First: “Love one another just as I have loved you!”

And secondly, “Do this in remembrance of me!”

But these two are really one as St. John makes clear in his epistle. (1 Jn 14:21) In it he teaches us that it is impossible to Commune with a person you do not love; or to love a person with whom you will not Commune -- because the love that Jesus talks about here is made manifest at the altar; practiced in the world; and there is none greater!

And, finally, what does Jesus mean when he says, “so that whatever you should ask the Father in my name he will give you.” What is not being said here is that: If we obey the 10 Commandments then God will answer our prayers. That is not a teaching of Scripture in St. John or anywhere else. But a flat denial of the grace of God who: “causes his sun to shine, and his rain to fall, on the good and the evil alike.” (Mt. 5:45) And who “sent his Only Son into the world so that we might live by him.” (1 John 4:9)

But since these chapters of St. John are concerned with Holy Communion we should most likely hear the Lord’s saying about prayer to refer to the Eucharist itself which was first instituted, and is still consecrated by “the word of God and prayer.” (1 Tim 4:5) What the church calls “the Eucharistic Prayer.”
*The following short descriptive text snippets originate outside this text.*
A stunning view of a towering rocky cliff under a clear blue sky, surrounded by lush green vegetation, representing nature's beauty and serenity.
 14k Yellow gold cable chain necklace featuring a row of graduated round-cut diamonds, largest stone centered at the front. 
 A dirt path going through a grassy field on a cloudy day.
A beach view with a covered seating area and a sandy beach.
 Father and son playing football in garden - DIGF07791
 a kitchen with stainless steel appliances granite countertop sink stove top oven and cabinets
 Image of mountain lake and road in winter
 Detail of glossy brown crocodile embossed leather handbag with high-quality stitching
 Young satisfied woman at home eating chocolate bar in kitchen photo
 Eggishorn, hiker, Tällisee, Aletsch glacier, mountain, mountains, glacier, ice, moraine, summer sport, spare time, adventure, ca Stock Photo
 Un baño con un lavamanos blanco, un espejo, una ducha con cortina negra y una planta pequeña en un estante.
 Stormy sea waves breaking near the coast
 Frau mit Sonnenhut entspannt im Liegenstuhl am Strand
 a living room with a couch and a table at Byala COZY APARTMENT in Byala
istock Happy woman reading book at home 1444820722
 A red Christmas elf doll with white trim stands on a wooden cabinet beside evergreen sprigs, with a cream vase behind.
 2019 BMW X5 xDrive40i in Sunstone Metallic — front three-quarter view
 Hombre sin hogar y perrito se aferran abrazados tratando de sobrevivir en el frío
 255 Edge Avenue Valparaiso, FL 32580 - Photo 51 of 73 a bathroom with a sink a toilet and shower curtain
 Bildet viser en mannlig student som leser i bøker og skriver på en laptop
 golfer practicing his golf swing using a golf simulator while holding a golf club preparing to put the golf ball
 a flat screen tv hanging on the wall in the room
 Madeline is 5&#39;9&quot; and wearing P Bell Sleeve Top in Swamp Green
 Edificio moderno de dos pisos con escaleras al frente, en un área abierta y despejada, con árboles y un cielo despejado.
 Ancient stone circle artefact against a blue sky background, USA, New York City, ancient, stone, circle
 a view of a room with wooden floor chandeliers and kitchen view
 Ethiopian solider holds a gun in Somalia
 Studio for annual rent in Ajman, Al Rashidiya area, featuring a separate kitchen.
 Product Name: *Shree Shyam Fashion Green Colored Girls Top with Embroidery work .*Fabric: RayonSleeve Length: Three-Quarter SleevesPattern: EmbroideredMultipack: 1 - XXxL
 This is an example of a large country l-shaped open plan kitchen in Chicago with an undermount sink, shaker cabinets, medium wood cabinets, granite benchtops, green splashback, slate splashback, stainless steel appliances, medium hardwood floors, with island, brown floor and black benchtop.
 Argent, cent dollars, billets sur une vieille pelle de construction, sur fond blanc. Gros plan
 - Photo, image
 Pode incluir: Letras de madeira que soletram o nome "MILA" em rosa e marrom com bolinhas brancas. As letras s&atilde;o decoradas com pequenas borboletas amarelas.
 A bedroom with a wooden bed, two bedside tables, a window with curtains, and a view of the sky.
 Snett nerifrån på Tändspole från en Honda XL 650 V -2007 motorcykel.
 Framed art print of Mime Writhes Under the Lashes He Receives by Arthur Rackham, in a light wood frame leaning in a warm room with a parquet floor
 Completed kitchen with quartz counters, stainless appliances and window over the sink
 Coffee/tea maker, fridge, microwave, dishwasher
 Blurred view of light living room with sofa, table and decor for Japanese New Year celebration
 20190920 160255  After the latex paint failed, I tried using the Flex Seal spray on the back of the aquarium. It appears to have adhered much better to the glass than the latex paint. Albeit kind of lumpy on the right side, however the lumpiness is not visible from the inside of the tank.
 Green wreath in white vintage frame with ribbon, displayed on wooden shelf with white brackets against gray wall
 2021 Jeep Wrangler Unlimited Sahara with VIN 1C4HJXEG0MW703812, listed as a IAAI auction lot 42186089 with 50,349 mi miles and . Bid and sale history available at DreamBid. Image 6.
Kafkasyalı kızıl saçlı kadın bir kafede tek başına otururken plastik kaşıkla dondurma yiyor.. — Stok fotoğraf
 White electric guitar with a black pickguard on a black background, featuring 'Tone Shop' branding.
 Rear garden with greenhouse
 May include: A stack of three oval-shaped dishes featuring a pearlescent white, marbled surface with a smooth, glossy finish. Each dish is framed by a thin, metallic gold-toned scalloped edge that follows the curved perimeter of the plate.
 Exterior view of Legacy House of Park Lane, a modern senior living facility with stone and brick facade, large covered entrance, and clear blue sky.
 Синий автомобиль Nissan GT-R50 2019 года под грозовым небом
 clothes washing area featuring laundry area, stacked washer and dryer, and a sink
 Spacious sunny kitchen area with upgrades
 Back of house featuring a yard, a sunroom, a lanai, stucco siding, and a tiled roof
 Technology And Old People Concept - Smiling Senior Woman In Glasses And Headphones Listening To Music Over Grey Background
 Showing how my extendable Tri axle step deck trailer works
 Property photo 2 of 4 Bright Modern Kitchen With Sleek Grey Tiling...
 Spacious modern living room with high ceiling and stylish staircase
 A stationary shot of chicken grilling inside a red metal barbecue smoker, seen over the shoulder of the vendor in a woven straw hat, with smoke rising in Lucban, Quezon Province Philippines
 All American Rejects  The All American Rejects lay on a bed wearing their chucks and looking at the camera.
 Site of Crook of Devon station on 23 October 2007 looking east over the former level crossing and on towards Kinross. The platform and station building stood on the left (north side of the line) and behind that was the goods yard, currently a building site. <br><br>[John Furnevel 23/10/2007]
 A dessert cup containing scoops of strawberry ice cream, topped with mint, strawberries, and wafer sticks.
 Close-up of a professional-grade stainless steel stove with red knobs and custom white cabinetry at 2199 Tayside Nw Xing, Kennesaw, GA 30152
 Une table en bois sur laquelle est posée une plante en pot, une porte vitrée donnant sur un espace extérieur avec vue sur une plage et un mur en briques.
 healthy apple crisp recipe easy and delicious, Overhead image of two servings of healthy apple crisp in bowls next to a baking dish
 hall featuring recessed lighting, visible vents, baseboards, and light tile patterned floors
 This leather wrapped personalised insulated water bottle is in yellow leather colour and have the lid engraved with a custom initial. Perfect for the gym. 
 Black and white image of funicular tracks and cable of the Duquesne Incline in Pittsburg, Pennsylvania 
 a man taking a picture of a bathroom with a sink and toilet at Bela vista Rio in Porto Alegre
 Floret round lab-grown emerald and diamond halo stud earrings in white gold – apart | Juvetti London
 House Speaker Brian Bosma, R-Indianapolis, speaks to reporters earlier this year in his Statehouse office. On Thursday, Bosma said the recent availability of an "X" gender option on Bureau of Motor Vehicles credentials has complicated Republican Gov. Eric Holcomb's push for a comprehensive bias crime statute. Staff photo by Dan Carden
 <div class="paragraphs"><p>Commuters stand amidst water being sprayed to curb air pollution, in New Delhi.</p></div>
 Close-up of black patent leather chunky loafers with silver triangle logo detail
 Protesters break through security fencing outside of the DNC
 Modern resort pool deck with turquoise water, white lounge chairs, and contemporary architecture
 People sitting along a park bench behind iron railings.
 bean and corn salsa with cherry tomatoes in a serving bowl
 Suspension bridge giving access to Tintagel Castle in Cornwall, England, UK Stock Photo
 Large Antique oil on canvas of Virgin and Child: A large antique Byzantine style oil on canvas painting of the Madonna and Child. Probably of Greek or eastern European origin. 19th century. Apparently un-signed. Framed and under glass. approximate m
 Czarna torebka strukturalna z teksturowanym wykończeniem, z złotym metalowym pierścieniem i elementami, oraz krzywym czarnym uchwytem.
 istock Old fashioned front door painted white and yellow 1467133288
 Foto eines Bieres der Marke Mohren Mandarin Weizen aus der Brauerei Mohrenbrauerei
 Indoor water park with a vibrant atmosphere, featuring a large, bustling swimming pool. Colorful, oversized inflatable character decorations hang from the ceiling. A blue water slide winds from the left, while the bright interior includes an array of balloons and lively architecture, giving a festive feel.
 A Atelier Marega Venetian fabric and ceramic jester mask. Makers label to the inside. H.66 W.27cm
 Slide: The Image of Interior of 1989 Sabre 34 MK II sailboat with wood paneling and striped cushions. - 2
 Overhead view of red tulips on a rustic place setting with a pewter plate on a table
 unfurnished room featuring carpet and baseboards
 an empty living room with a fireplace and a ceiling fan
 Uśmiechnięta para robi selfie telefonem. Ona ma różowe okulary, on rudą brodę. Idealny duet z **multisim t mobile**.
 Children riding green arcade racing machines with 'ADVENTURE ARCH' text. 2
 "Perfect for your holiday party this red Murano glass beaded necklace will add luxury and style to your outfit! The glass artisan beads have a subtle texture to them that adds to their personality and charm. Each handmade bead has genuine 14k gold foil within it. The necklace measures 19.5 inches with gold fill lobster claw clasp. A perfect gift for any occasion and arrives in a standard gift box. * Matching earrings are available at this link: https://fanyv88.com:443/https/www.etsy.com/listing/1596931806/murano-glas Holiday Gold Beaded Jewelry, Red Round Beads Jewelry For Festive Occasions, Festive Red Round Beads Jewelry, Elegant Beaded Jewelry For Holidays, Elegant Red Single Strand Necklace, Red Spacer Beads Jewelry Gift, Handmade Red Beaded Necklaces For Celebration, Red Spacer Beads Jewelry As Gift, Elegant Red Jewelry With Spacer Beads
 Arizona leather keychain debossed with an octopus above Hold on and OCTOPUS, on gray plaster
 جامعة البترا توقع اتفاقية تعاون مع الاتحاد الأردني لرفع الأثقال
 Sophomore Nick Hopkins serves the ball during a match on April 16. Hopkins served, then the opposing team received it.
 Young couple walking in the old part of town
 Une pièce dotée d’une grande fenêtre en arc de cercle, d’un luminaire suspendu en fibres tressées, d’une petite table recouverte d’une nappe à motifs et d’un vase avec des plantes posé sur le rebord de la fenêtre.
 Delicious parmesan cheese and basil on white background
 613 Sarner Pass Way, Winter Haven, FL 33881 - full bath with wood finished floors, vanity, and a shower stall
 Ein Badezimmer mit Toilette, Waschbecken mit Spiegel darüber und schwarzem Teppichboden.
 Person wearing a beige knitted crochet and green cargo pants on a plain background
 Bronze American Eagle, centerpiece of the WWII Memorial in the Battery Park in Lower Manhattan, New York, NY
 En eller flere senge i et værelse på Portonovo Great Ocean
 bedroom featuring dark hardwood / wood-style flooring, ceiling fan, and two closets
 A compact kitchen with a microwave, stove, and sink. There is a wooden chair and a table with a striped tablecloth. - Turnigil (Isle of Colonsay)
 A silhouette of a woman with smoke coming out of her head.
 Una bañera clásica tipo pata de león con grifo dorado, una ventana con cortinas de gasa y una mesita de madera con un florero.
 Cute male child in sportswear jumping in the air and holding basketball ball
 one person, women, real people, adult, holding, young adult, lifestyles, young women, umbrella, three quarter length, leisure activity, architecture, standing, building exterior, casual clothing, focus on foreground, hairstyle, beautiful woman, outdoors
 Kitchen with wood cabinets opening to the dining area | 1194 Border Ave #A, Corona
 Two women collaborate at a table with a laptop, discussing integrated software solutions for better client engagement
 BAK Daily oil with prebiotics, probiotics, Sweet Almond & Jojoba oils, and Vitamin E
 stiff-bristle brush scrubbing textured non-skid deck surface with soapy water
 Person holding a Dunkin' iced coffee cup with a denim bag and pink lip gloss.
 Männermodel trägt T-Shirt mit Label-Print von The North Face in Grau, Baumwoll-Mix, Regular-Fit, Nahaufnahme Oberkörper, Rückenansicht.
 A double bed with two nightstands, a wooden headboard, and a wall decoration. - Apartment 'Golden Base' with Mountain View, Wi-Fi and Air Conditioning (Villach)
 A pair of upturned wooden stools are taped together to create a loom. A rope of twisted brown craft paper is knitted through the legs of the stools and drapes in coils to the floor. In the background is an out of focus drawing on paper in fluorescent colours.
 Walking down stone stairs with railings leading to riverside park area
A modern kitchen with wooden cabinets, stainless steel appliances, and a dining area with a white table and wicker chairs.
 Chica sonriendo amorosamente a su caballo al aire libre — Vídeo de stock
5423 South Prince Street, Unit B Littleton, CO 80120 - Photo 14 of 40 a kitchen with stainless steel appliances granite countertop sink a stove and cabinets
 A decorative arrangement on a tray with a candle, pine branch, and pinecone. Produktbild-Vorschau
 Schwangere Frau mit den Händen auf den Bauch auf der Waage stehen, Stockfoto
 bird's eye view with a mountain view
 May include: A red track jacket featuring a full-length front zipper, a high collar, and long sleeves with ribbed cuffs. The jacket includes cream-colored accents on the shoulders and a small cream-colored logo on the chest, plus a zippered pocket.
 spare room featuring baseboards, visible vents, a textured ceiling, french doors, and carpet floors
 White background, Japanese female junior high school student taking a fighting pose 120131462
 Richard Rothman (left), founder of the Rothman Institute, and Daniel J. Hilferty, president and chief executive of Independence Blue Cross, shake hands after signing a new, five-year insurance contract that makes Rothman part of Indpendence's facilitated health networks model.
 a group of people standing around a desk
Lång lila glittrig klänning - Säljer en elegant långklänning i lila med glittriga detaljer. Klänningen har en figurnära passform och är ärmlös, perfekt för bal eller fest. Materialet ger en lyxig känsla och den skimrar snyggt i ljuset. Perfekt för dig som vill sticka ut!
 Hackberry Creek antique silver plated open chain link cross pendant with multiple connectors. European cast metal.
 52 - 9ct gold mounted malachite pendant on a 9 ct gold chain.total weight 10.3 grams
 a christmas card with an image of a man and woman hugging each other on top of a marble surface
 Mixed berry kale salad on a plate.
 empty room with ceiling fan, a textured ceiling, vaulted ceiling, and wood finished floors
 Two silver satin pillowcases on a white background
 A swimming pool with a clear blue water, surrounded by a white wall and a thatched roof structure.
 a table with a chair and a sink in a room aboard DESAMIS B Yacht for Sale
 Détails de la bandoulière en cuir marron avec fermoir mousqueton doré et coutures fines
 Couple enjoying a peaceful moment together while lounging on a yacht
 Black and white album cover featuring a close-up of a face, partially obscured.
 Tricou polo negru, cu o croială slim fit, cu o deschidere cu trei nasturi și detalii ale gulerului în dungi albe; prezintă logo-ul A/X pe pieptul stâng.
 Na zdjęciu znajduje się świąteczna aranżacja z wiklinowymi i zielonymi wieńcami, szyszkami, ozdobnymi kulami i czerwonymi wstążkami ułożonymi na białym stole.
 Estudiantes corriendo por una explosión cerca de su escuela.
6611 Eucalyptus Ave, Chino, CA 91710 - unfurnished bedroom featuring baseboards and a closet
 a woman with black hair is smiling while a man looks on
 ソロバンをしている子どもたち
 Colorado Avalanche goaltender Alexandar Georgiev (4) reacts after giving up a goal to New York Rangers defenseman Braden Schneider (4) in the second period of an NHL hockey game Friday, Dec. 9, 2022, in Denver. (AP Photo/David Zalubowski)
It seems most likely that Jesus is promising here that the gift of his Body and Blood, which the church prays for each Sunday, will continue! That it is an irrevocable “covenant of love” that the Father will continue to give us until end of the age – when sacraments will no longer be needed. No longer needed because we will see our Lord as he is, be filled with his joy, and abide in his never-ending love. Amen.